Although a main ingredient in the risotto, the slipper lobster lost prominence to the squid ink.
With its dark black grey hue enveloping the rice grains, the squid ink mixed with lemon and butter was delectable alongside sauteed slipper lobster, broccolini, lemon rind and cherry tomato.
“We fondue the onions and garlic in clarified butter, add the rice and stir it with chicken stock until it is cooked.
“Lemon zest, more butter and Parmesan is added at the end to give it that added tang and richness.
“The sweetness in the risotto comes from a spoon of Vincon, and the jus of the pan-fried scallop is drizzled on the rice just before serving,” he said.
Be warned that squid ink leaves a trace, indicating to others what you just ate as it clings to your teeth, making you look like a relative of Captain Jack Sparrow.
The Risotto con Carne di Wagyu (RM70++) with wagyu beef strips, garlic, basil, chilli and Vincon wine is the other option, if squid ink is not to your liking.
We began lunch with likeable starters - Garlic and Thyme Roasted Portobello, Spinach and Lombardy Taleggio Cheese (RM45++) and Capesante Scottate (RM65++) featuring seared jumbo sea scallops, sauteed white mushrooms trifolati and truffle.
In the Zuppa di Pesce alla Marinara (RM45++), a herb brioche rests at the bottom of the bowl, topped with squid, fish, prawns, mussels and clams.
The traditional homemade soup, cooked with lots of fresh tomatoes, drowns the ingredients, as it is poured into the bowl before the guest.
Personally, I would have preferred more spoonfuls of soup because the bread soaked up quite a bit of what was served.
After enjoying the appetising risotto, the kitchen served the Conchiglioni Marinara al Cartoccio (RM50++).
Yet another seafood dish, the reddish hued seashell pasta is coated with lovely and tangy tomato sauce, extra virgin olive oil, fresh herbs and Parmesan.
Once the pasta and seafood are cooked, the dish wrapped in parchment paper, is finished off in the oven for a couple of minutes for the flavours to infuse together.
The parcel wrapped pasta is aesthetically appealing and is an invitation to tear it open and dig into its contents.
Next up, after a hearty dose of carbohydrates, was the main course of 340gm Charcoal-grilled Grass Fed Angus Ribeye Fiorentina (RM135++) with grilled lemon halves, balsamic vinegar and grey salt.
The meat, unfortunately was a little too well done, which came as a surprise as the hotel’s other restaurant has carved a name for itself as a steakhouse.
There was no holds barred when our desserts, the Cassata (RM30++) and Illy Coffee inspired Tiramisu (RM30++) were placed before us.

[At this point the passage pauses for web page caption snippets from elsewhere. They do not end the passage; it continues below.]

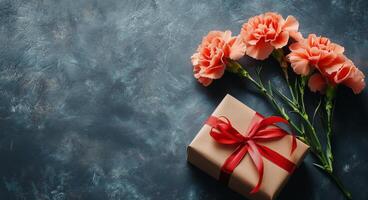 Elegant gift wrapped in gold with red ribbon alongside fresh coral carnations on dark background photo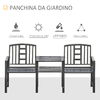 Outsunny-Panchina-da-Giardino-Moderna-2-Posti-con-Tavolino-e-Foro-per-Ombrellone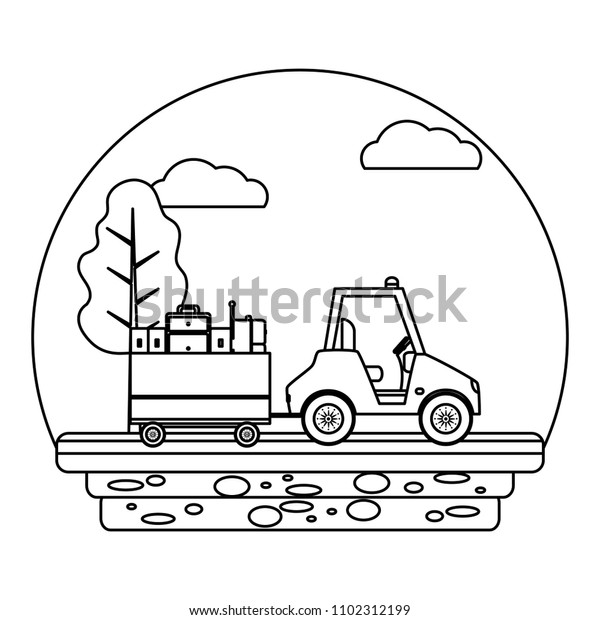 line vehicle\
towing luggage transport\
service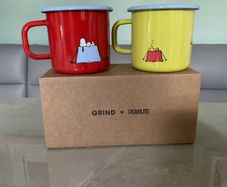 Grind x Peanuts Snoopy Enamel Mugs Cups Set. Limited Edition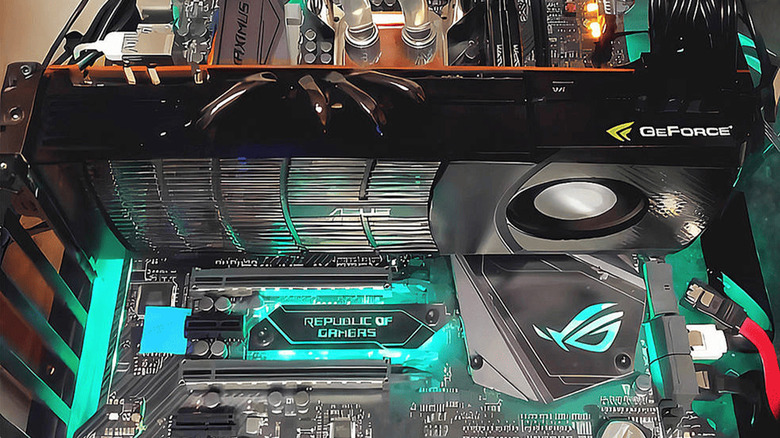 An Nvidia GTX 480 GPU in a gaming PC build
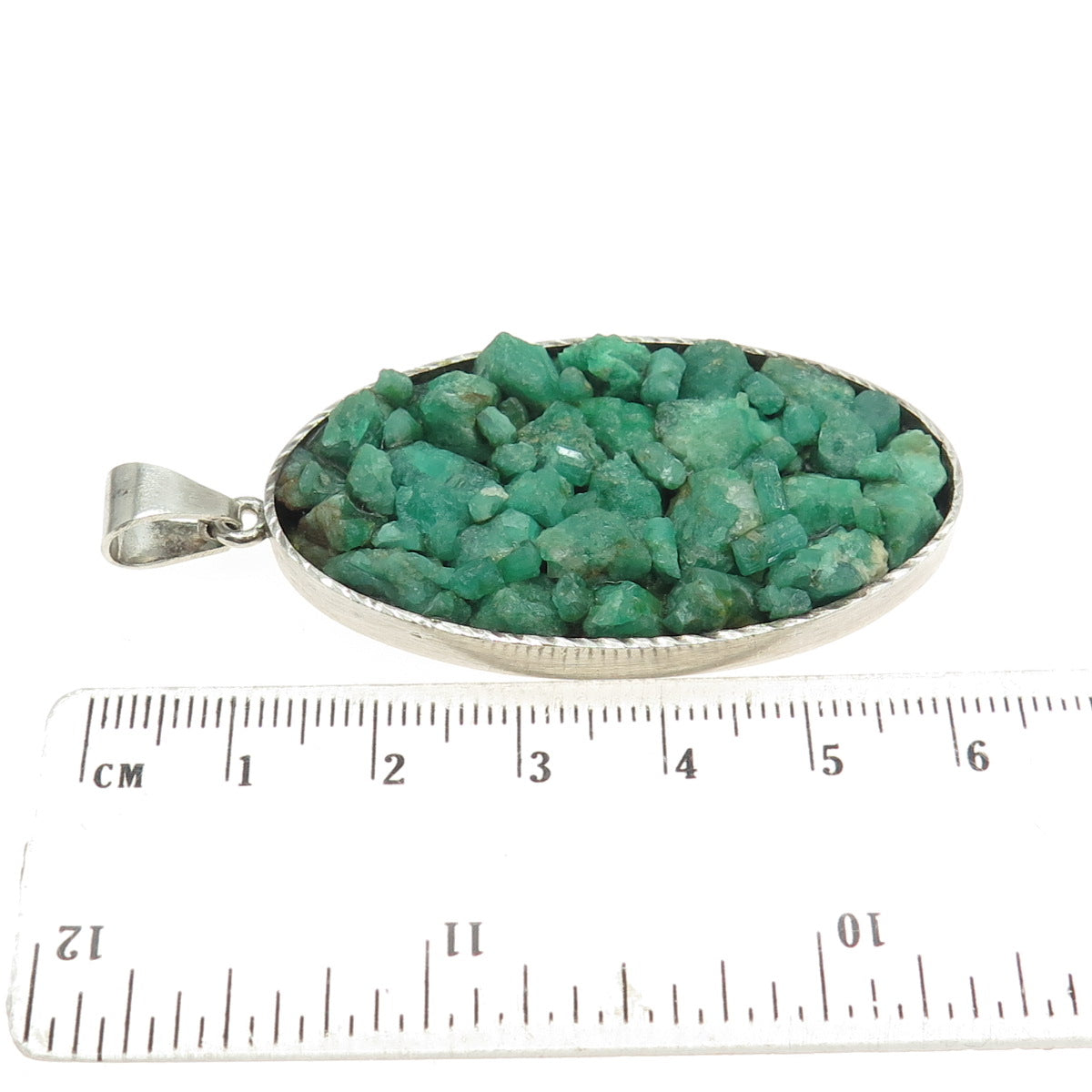 925 Sterling Silver Vintage Real Emerald Cluster Modernist Oval Pendant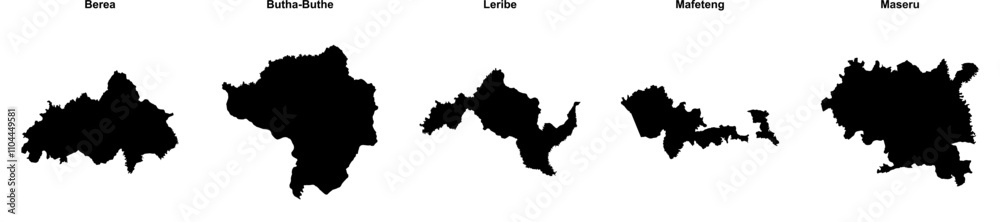 Obraz premium Berea, Butha-Buthe, Leribe, Mafeteng, Maseru outline maps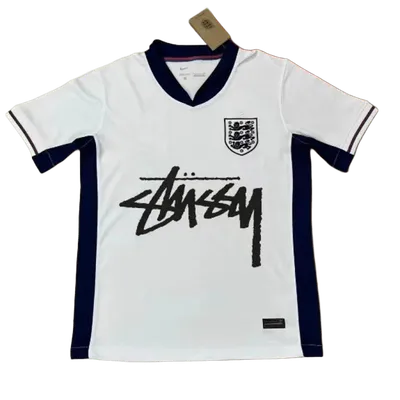 Stussy White Football Jersey: Retro '90s Unisex Streetwear Top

For dessert enthusiasts, the advice is to go easy on the savoury dishes as the sweets are simply too tempting to refuse.
Favola’s Tiramisu, said chef Mustafana, was a layering of Illy espresso jelly, foam of milk, chocolate croutons, mascarpone, homemade ladyfingers biscuit and pop up sugar which pops right in the mouth.
The Cassata is for ice-cream lovers as this is a heavenly mix of Haagen Dazs’ vanilla, strawberry and pistachio ice-cream.
The chefs are rather generous with their simply divine dessert portions, which is good news for the sweet-toothed.
This is the writer’s personal observation and not an endorsement by StarMetro.